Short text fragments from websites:
- - - -

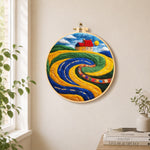 Abstract swirling fields and red roof cottage needle felt wall art displayed in a bright home interior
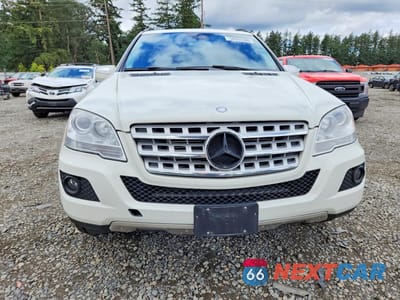 Piąte zdjęcie samochodu w środku: 2010 MERCEDES-BENZ ML 350 BLUETEC VIN:4JGBB2FB2AA576400 - miniatura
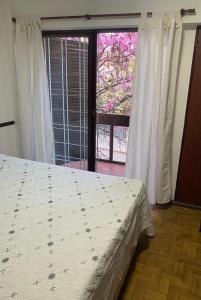 a bedroom with a bed and a large window at Armonía 1 in Córdoba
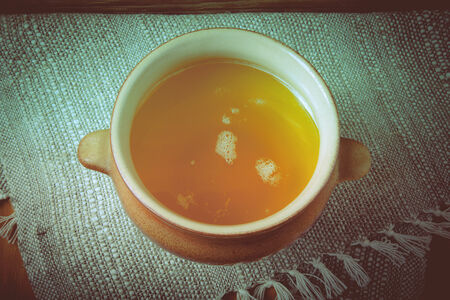 Clay pot with ghee on linen napkin. Rustic still life. Wooden background. Toned.の写真素材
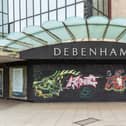 Graffiti-covered boards across the entrance to the former Debenhams shop in Arundel Street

- - - -

*Work instruction*: Restate the data above exactly, stripping out each image.

*Written reply*:
 Abstract swirling fields and red roof cottage needle felt wall art displayed in a bright home interior
 Piąte zdjęcie samochodu w środku: 2010 MERCEDES-BENZ ML 350 BLUETEC VIN:4JGBB2FB2AA576400 - miniatura
 a bedroom with a bed and a large window at Armonía 1 in Córdoba
 Clay pot with ghee on linen napkin. Rustic still life. Wooden background. Toned.の写真素材
 Graffiti-covered boards across the entrance to the former Debenhams shop in Arundel Street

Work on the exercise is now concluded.